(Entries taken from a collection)
______________________________
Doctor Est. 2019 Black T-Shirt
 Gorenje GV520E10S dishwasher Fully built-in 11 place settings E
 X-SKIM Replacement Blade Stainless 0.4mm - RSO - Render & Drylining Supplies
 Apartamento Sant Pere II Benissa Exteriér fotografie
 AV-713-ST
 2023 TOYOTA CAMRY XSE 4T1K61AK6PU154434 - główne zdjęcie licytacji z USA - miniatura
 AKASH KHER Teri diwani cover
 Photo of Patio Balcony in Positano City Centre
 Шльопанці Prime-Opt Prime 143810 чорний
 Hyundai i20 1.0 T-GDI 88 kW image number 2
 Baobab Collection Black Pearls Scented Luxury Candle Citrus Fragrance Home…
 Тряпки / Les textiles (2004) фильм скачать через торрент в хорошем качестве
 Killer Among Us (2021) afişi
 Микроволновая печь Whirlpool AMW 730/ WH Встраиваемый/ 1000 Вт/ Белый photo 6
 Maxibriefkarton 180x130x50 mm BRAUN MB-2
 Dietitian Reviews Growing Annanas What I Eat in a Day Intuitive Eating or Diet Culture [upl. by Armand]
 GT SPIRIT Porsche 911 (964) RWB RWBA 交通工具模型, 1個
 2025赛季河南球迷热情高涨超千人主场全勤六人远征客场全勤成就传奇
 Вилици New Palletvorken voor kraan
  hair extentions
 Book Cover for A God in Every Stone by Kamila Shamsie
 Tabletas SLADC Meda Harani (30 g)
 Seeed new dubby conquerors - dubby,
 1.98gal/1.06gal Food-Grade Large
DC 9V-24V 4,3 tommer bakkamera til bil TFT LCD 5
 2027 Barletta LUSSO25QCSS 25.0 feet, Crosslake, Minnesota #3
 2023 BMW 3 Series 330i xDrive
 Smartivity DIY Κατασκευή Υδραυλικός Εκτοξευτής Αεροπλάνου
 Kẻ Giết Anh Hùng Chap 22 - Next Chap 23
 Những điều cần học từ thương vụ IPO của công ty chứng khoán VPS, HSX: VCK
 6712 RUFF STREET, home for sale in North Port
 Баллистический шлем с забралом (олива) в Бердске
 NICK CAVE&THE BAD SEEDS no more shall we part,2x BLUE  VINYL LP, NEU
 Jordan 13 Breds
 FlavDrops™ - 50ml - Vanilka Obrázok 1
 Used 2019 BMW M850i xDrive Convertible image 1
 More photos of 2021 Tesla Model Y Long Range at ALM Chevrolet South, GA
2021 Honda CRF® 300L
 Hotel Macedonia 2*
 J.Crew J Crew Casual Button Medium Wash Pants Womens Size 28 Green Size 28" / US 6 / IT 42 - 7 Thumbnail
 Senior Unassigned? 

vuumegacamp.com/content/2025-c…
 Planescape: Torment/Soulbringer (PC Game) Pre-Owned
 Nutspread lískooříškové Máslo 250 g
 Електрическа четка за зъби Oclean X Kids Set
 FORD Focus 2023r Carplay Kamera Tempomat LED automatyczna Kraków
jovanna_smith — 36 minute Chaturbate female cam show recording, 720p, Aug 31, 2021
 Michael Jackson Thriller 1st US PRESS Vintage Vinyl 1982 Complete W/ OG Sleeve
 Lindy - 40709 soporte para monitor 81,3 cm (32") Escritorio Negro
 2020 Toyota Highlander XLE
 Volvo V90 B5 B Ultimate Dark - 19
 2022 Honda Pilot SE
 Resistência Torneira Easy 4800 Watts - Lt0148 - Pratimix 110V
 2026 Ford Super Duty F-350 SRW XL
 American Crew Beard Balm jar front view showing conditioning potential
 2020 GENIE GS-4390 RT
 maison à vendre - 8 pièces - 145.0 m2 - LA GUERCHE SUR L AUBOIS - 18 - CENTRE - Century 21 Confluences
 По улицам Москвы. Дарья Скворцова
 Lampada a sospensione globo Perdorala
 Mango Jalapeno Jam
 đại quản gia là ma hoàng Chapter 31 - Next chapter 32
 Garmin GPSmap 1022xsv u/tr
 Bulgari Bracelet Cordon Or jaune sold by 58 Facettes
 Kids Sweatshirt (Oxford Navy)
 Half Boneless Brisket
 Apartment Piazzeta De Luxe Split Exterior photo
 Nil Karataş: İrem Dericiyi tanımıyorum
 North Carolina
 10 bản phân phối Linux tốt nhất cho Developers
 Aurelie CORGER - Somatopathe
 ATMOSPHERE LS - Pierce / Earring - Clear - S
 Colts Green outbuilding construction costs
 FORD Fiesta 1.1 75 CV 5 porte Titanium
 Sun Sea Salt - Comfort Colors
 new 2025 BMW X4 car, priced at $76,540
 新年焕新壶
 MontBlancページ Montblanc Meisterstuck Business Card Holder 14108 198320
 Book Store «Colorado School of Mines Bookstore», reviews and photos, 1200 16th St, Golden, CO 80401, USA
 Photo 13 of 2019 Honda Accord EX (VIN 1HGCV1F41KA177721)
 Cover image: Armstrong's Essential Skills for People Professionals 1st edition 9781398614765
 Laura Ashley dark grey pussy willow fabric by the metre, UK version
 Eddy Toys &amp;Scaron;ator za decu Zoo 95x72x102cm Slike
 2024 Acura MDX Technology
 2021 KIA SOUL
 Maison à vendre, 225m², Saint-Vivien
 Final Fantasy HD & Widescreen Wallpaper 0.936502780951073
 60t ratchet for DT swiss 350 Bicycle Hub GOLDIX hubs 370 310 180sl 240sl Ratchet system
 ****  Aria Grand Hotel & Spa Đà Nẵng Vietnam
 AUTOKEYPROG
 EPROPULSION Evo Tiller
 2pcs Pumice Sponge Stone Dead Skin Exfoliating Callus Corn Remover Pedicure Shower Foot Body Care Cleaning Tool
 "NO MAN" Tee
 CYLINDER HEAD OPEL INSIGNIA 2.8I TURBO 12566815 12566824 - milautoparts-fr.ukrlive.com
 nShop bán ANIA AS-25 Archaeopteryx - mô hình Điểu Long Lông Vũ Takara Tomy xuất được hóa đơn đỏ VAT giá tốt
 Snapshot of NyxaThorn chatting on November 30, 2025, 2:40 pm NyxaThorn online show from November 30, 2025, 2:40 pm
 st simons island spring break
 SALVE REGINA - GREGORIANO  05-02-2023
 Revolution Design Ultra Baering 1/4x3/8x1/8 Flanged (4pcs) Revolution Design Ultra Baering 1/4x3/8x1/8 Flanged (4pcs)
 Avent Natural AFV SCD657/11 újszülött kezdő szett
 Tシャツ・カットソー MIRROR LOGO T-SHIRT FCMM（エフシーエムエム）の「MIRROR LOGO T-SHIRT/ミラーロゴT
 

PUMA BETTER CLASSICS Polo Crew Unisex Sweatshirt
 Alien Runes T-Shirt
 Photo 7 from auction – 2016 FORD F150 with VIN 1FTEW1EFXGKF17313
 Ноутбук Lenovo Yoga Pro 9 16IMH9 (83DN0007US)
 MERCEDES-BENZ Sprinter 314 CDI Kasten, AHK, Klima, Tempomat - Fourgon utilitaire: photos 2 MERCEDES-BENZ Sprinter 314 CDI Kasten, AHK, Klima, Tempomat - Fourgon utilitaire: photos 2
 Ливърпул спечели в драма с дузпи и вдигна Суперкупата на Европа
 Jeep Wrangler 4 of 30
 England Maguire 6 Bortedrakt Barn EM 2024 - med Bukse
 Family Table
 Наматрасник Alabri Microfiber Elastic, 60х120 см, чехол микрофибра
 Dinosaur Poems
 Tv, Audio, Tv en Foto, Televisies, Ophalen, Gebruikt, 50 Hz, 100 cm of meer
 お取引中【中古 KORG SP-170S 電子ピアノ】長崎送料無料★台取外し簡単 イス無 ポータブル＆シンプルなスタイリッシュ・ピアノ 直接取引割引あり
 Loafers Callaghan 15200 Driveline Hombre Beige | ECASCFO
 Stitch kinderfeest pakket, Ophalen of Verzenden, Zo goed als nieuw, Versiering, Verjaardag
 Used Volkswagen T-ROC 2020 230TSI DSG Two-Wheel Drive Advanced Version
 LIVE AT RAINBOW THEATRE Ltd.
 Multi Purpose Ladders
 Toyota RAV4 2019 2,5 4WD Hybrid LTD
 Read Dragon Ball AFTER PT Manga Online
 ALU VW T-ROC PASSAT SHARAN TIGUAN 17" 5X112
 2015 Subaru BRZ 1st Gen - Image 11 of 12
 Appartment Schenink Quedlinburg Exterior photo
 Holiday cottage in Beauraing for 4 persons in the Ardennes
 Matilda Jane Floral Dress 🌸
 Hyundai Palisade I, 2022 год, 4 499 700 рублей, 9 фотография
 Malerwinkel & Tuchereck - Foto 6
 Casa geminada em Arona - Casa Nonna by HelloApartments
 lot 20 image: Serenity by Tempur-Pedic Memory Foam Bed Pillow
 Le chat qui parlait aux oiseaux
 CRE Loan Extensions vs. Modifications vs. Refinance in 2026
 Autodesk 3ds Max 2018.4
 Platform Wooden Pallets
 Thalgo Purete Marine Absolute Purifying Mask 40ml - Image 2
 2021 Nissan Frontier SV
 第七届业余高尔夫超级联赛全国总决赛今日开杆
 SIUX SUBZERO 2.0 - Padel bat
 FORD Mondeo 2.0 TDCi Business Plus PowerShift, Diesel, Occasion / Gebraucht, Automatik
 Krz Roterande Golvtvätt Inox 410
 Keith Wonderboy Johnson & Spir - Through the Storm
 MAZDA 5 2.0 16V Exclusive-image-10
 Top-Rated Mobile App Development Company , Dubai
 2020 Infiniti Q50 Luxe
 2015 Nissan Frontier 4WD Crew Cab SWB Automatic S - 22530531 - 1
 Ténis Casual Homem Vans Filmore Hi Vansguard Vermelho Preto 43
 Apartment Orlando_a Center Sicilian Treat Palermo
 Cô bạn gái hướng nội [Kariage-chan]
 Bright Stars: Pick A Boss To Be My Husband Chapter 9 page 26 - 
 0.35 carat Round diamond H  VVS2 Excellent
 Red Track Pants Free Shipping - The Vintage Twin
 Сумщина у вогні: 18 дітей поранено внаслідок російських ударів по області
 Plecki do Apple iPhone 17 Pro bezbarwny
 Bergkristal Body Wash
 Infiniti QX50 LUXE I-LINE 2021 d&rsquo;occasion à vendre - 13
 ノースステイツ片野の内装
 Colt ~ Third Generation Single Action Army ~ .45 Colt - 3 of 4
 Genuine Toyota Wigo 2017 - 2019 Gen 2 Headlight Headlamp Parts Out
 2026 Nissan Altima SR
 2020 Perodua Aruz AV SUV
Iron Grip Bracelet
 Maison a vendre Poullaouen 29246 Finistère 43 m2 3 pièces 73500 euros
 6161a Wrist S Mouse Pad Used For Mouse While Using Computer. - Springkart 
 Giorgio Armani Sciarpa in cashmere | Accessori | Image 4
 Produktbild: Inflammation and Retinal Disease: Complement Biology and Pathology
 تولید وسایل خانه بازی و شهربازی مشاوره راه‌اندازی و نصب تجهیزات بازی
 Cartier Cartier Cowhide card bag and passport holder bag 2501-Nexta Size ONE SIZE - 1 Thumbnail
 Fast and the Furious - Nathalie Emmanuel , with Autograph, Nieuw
______________________________
Problem requirements: Look through the records and gather each line with the word "Hotel".

Expected output:
 Hotel Macedonia 2*
 ****  Aria Grand Hotel & Spa Đà Nẵng Vietnam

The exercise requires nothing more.